Our use of biometrics enables our safety. At its most basic level, a biometric is a physiological trait or attribute that is unique to an individual person. When we recognize the faces of our loved ones, friends, and colleagues with our own eyes, we are using biometrics to help us build relationships and trust. Biometrics are, in a way, fundamental to human interaction and society. Today, biometrics can be used in person or automated, to increase convenience and security in various situations. 

There are many types of biometrics that we use daily. Face images are, by far, the most common. Any time somebody requests to see our driver’s license, passport, or ID badge, we are using biometrics. Most governments include face biometrics, in the form of a photograph, in their driver’s license, passport, or other national ID databases, as well as on the credential, itself. We use face biometrics, attached to a credential, to establish trust, when we access privileges, like driving a car, government services, commercial air travel and even buying liquor.   

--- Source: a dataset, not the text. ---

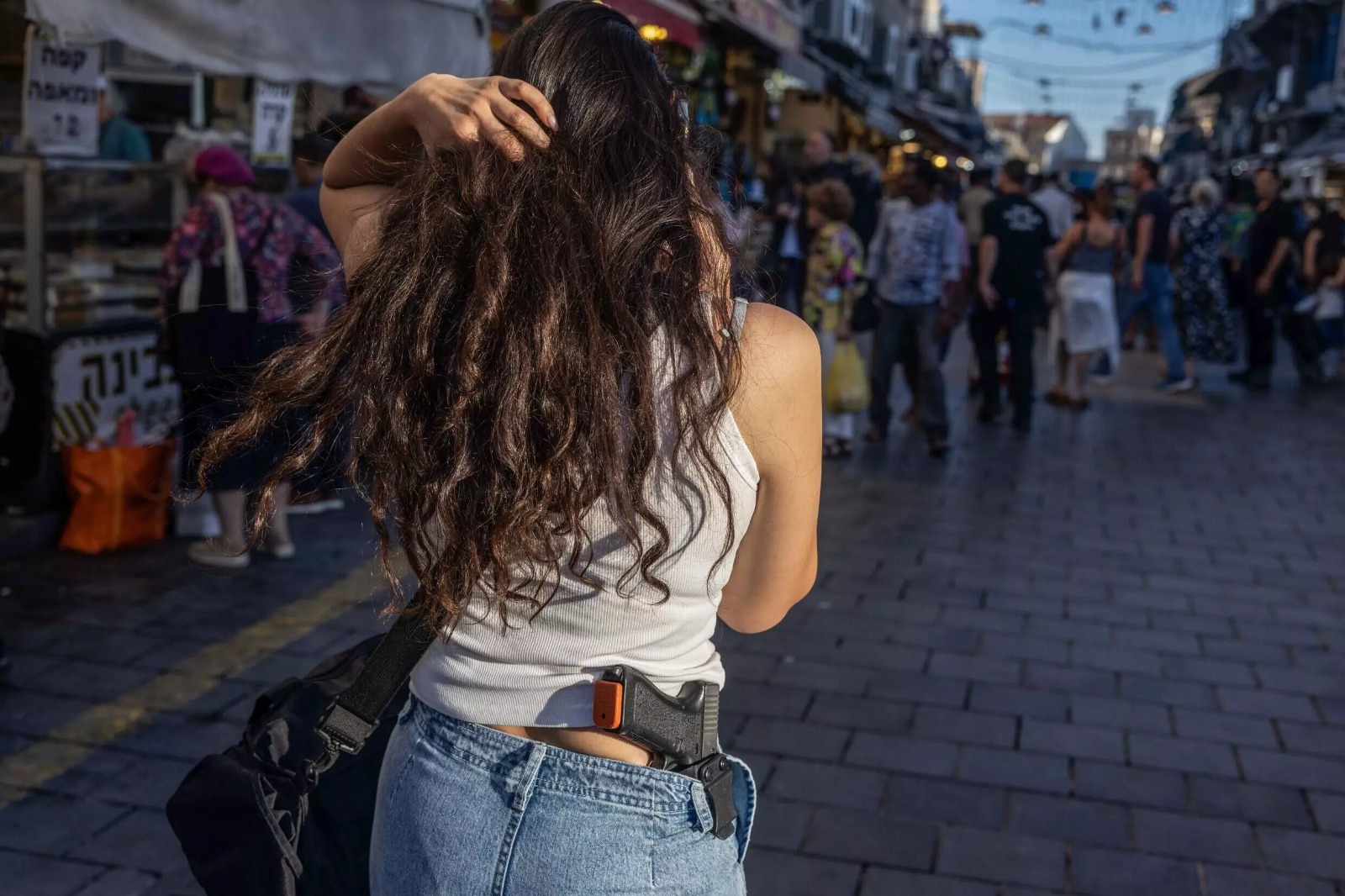 الإسرائيلية كورين نيسيم تحرص على أن يكون مسدسها ظاهراً من بنطالها عند تجولها في شوارع مدينة نتانيا شمال تل أبيب. 23 مايو 2024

Today there is some confusion and fear about biometrics, what they are, and what they can actually do. There are only two basic functions that a biometric can perform, Identificationand Authentication. When we first meet somebody, we may associate their name with their face. When we see that face we can identify that person by accessing the information in our mind. “Hi, I’m Jennifer” associates a name to face and allows us to identify them. When we arrive at a restaurant, we might scan customers to see if we recognize any of them. We identify Jennifer by recognizing their face in the crowd of people. In another instance, we can authenticate Jennifer by recalling information about them when presented with their face. If Jennifer were to knock on our front door, we can authenticate them with our own simple sight. Fundamentally these are the only two functions of a biometric. A properly designed face biometric system should include high confidence liveness checks, to differentiate between a real human face and a photo (for example) and face matching, in order to prove that a person is in fact who they claim to be. Stay tuned for our next blog where we’ll talk about liveness checks, anti-spoofing, and other methods to prevent various types of fraud.

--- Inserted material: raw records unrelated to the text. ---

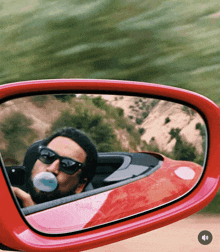 a man blowing a blue bubble in a red car is reflected in the rear view mirror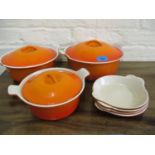 Three French Le Cruset burnt orange casserole dishes with lids A/F and four matching shallow dishes
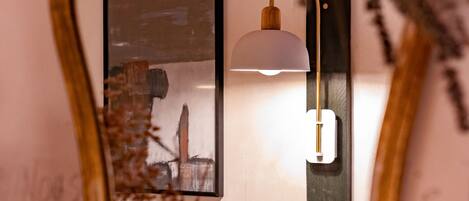 A mirror with a gold frame, a wall-mounted lamp, and a framed picture.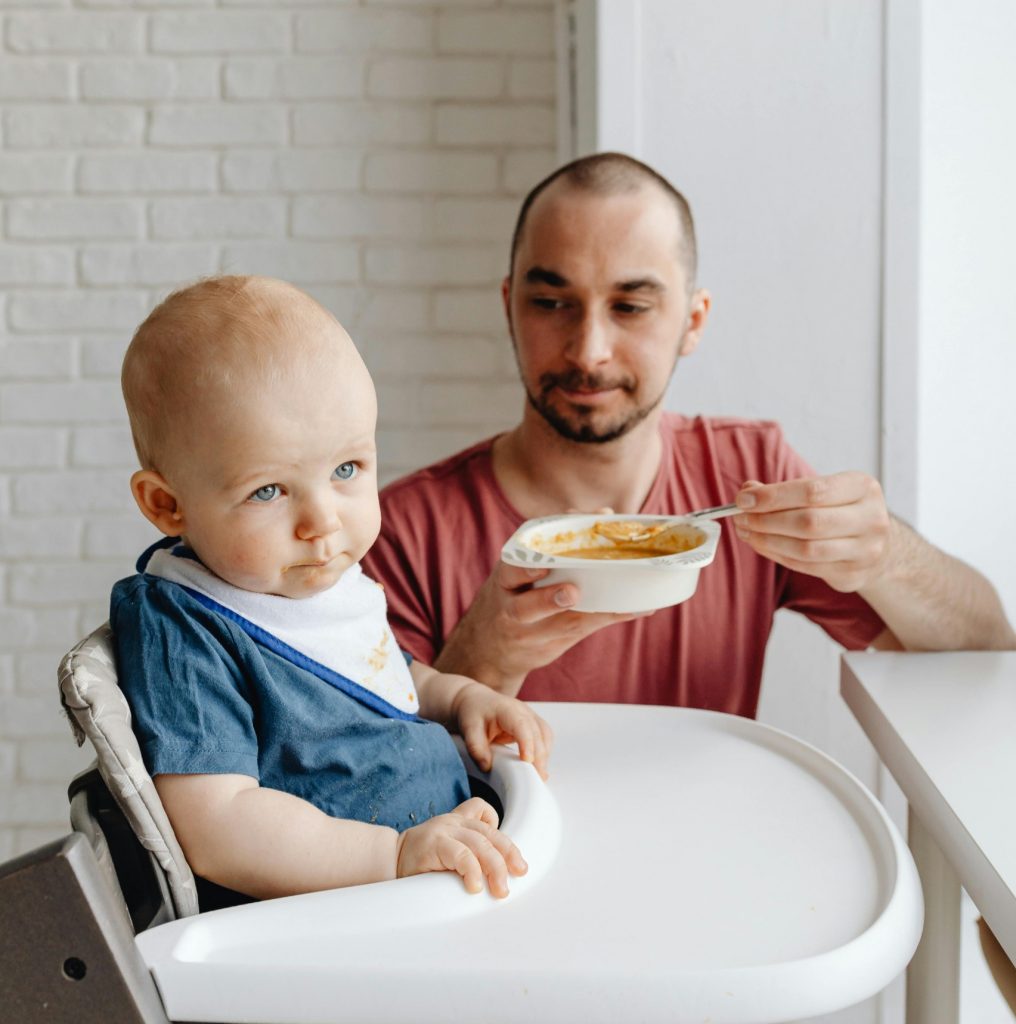 parent gently encouraging toddler to eat while child resists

In this age of information hyperbole, perhaps it’s understandable that there is some public misunderstanding of how these important technologies can and should be used. Big Brother surveillance and Privacy are central to debates about the ethical use of face biometrics. However, when examined thoroughly, we find that most, if not all of the ethical debate centers on how the biometrics are used and, more specifically, whether the biometric is used Voluntarily or Involuntarily.  

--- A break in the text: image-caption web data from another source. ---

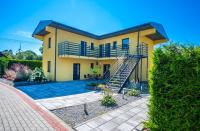 Przyjazna Osada - Domki i Apartamenty - B&B Darłowo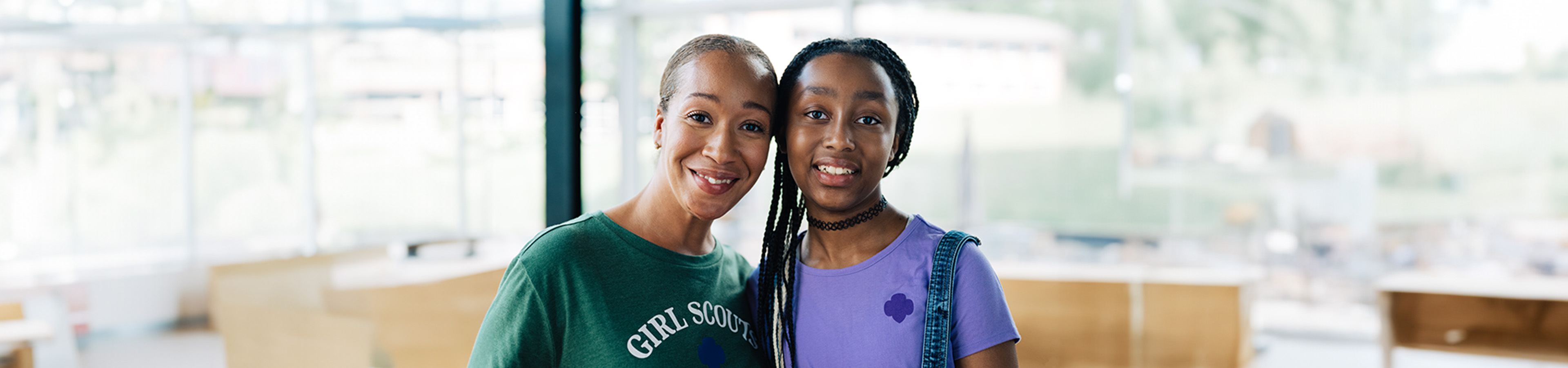  A volunteer and Girl Scout smiling at the camera 
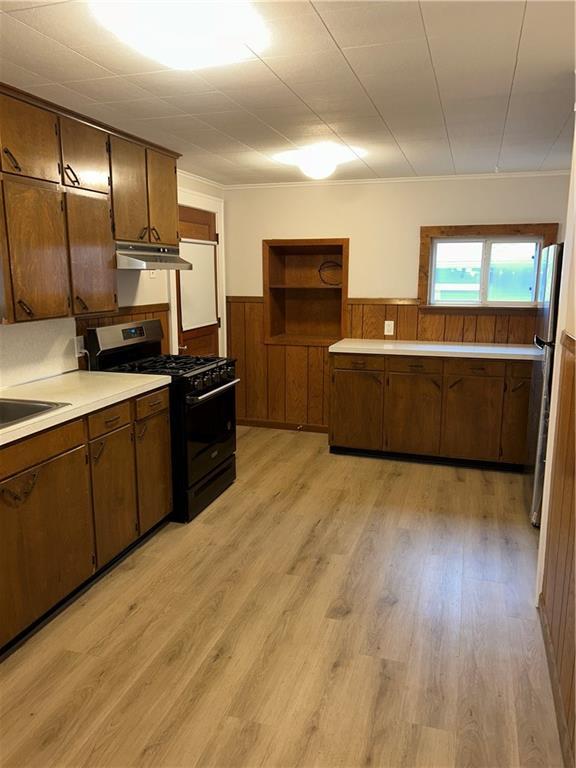 kitchen with black gas range, light wood-type flooring, stainless steel refrigerator, and wooden walls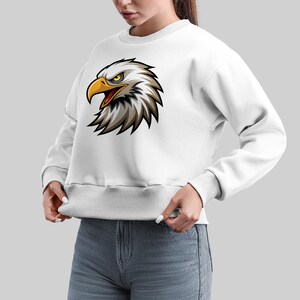 May include: White sweatshirt with a cartoon eagle head graphic. The eagle has a yellow beak and eyes.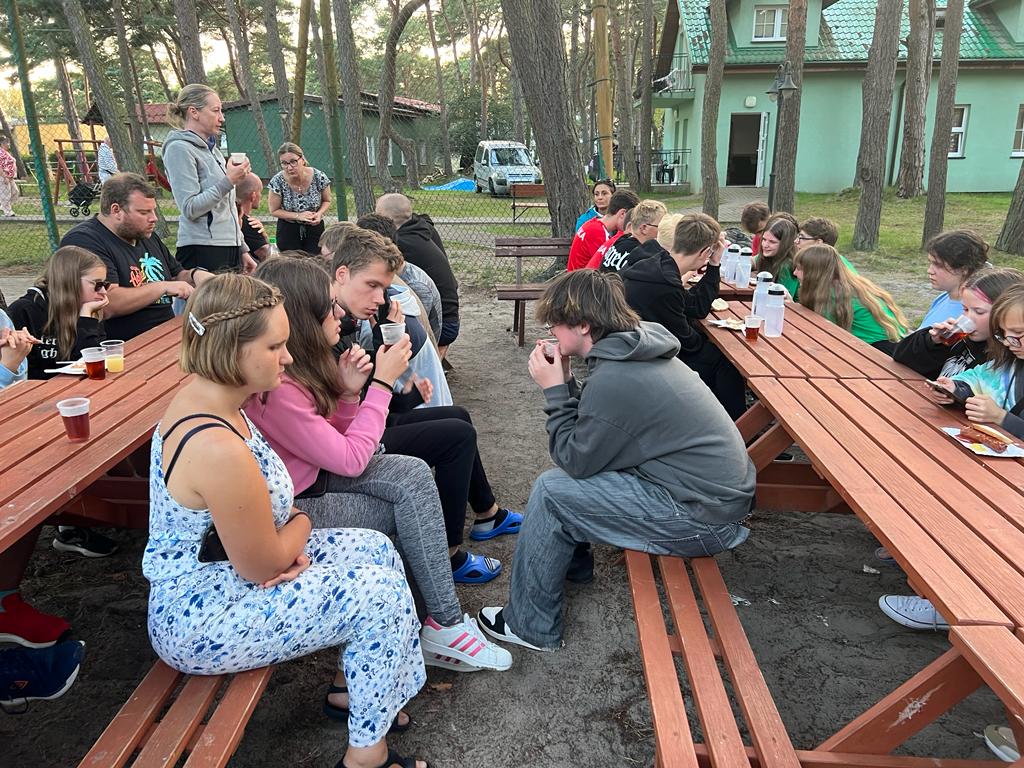 Posiłek przy stołach na dworze.
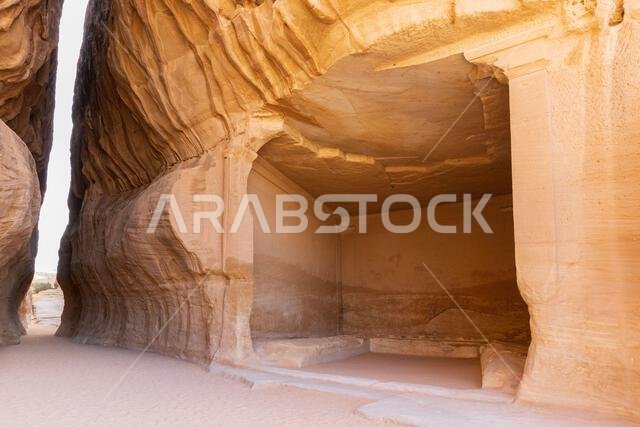 The Diwan, a rock-cut chamber, and Siq Canal part of Jabal Ithlib at the ancient Nabataean archaeological site of Hegra (AlUla), Saudi Arabia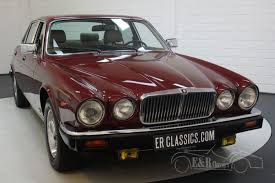 Image result for Sebring Red 1986 Jaguar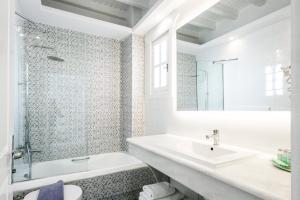 a white bathroom with a sink and a shower at San Marco Hotel and Villas in Houlakia +35 photos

We tend to prefer freedom of choice, with our personal privacy. Sometimes we guard it. Other times, we agree to forgo some privacy, to access and enjoy many privileges of our society. For example, when applying for a credit card loan, the bank logically prefers to understand whether or not we are likely to repay the loan. To control its fraud and compliance risk, it requires knowing who it’s lending to and whether we are an existing customer, or potential fraudster, posing as a customer. So, we volunteer to divulge our private identities and backgrounds. We also allow the bank to compare our identity to those of existing customers, to learn if we are an existing customer or a fraudulent account holder at the bank. The bank Identifies us as a new customer (or not), as well as a legitimate customer (or not). It’s our choice to participate in this identification process, or not. It’s voluntary. If we agree, once we are approved, the bank requires us to Authenticate ourselves, every time we try to access the valuable privilege. In this case, we voluntarily relinquish our privacy Right, to get something of value in return. Moreover, the process includes both Identification and Authentication in a safe, productive and ethical way.  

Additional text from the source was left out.